Le mémorandum du ministre koweïtien comporte toutes les conditions que le Liban est censé remplir pour recouvrer une partie de sa santé. À commencer par le fait qu’il n’y ait pas de mini-État qui contrôle l’État, ni d’armée parallèle à l’armée libanaise. Est-ce trop que de demander au Liban d’avoir du respect pour lui-même et d’appliquer les décisions arabes et internationales, notamment les résolutions 1559, 1680 et 1701 du Conseil de sécurité ? Mettre en œuvre ces résolutions et s’abstenir de pratiquer la contrebande de la drogue à destination du Golfe, est le moins que l’on puisse exiger du Liban. Cependant, au lieu d’opérer un retour au rationalisme, le “mandat fort” a décidé de jouer au serpent qui se mord la queue, de pratiquer la politique de l’autruche et de se transformer en source de préjudice à chacun des pays du Conseil de coopération des États arabes du Golfe…

Il n’y a aucune raison d’être optimiste pour le Liban. L’incapacité à répondre au mémorandum du “Koweït, du Golfe, du monde arabe et de la communauté internationale” n’est qu’une consécration de cette incapacité, voire de cette impuissance, qui révèle que le pays est bel et bien ailleurs. Le Liban, dont l’identité a changé, est désormais dans l’axe iranien. Mieux encore, il n’a plus rien à voir avec la logique, ou avec ce qui se produit comme événements dans la région. Le Liban s’est isolé des Arabes et ne saisit plus ce qui se déroule au Moyen-Orient, dans le Golfe et dans le monde.

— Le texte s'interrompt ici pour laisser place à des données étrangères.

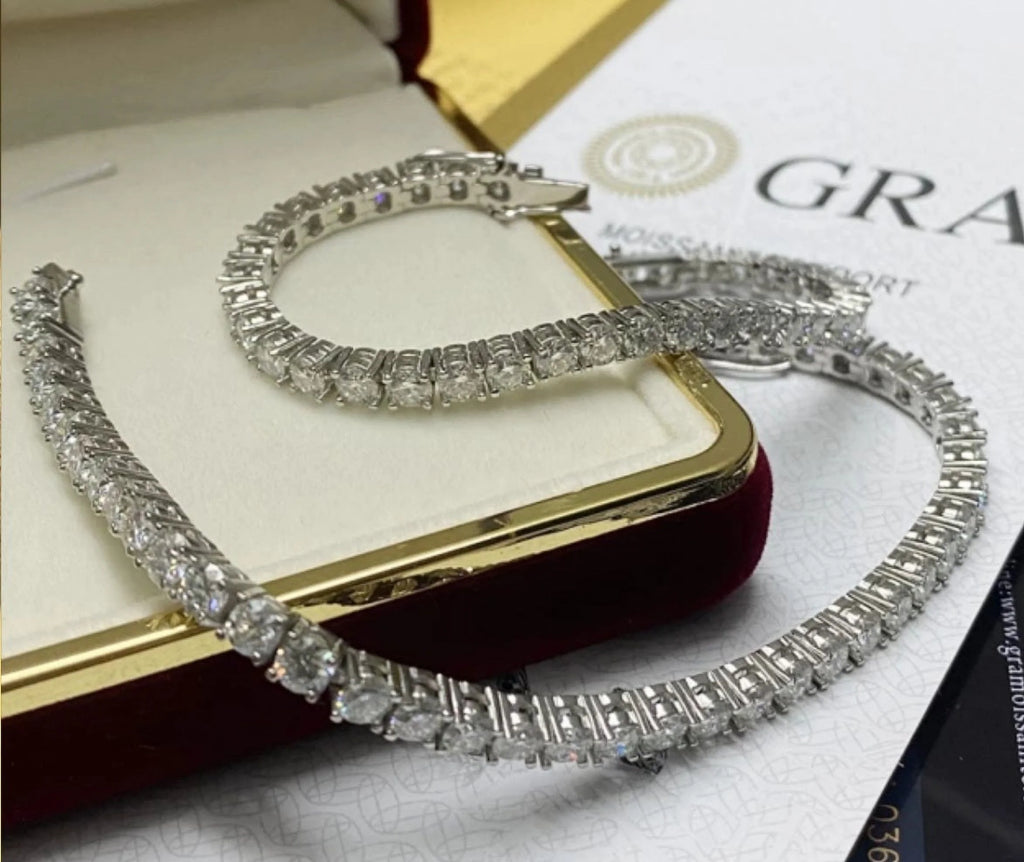 Moissanite Tennis Bracelet C9079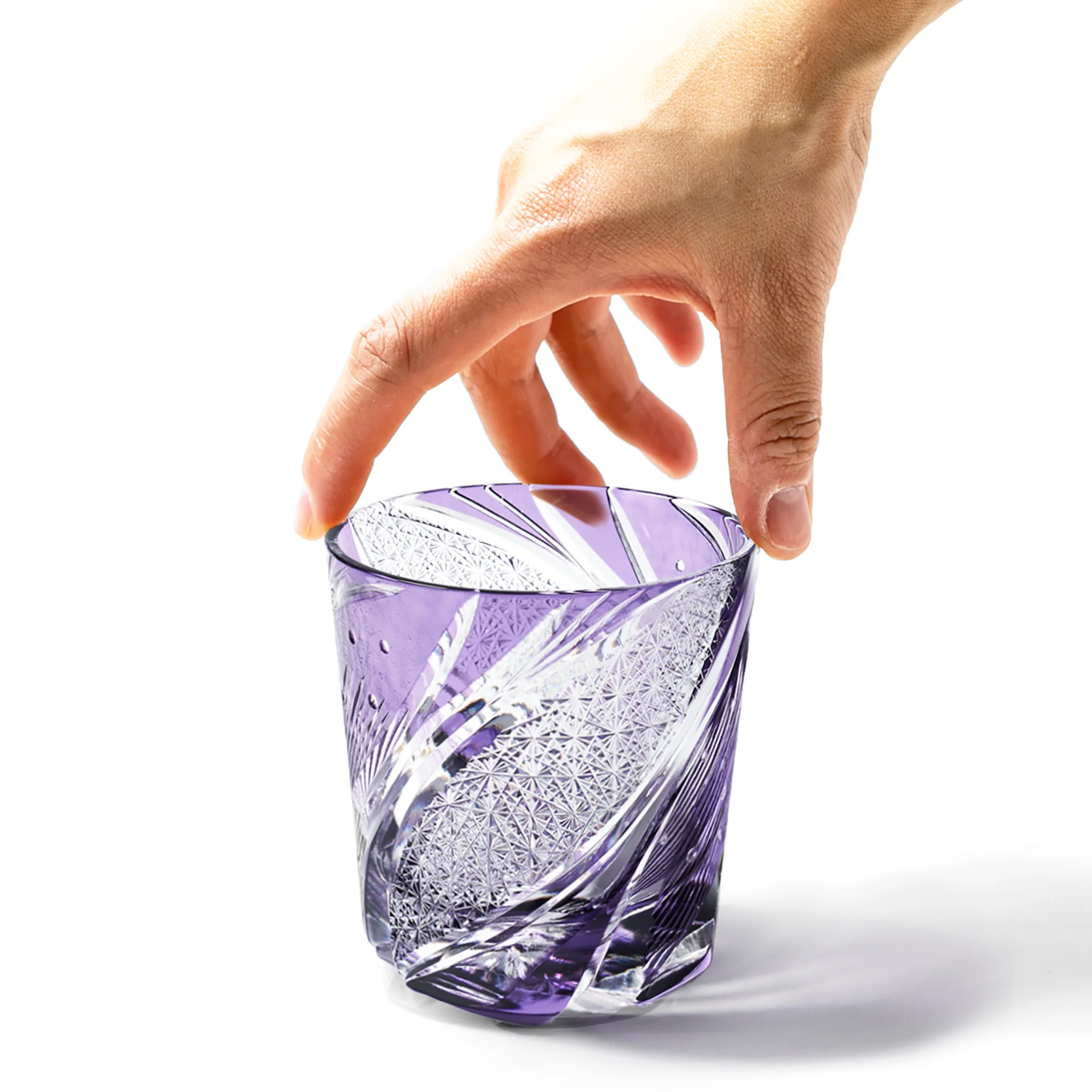 Edo Kiriko Meteor Whiskey Glass - Image 11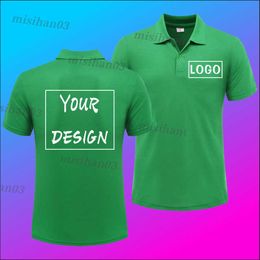 Men's Polos Summer Short Sleeve Polo Custom Printing Casual Lapel Shirt Embroidery Pattern Fashion Quick Dry Top Design Men And Women Y2303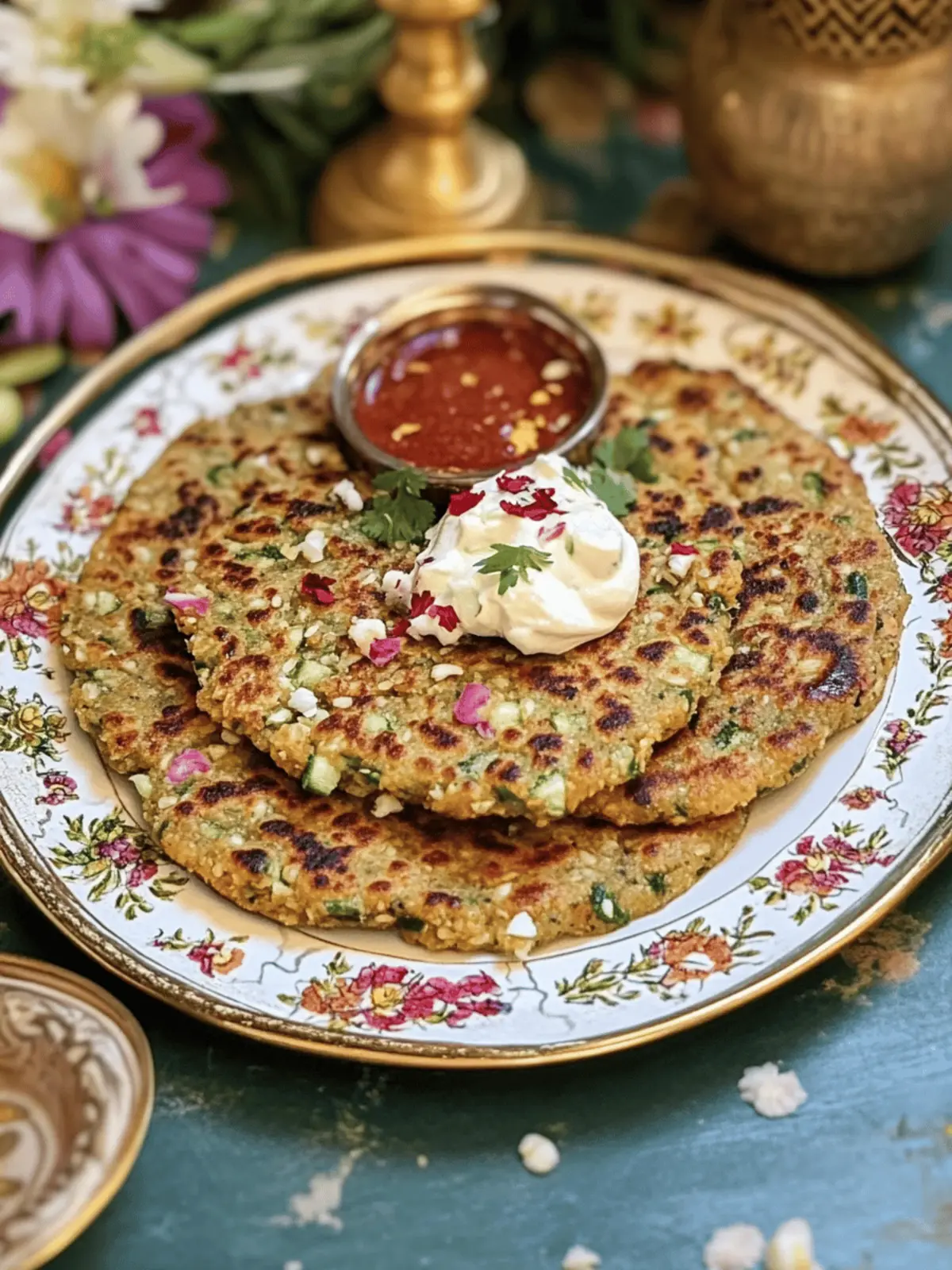 Cucumber Millet Thalipeeth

Que peut-on attendre d’un pays qui s’est replié sur lui-même et au sein duquel le président de la République n’a d’autre souci que l’avenir de son gendre, Gebran Bassil ? Comment le Liban peut-il se réconcilier avec la logique, alors que le chef de l’État et d’autres sont convaincus qu’il n’y a aucun moyen de mettre en œuvre la résolution 1559, compte tenu de la dimension régionale de cette résolution, d’autant que le Hezbollah est impliqué ailleurs dans la région, de la Syrie… au Yémen ?

Ce à quoi nous assistons à ce stade, c’est l’abolition, l’anéantissement du Liban par lui-même. La visite du chef de la diplomatie koweïtienne a révélé cette dynamique d’auto-désintégration, dans la mesure où elle a montré l’absence d’autorité de référence politique dans le pays et sa transformation en une simple carte de négociations aux mains de Téhéran. Ni plus, ni moins.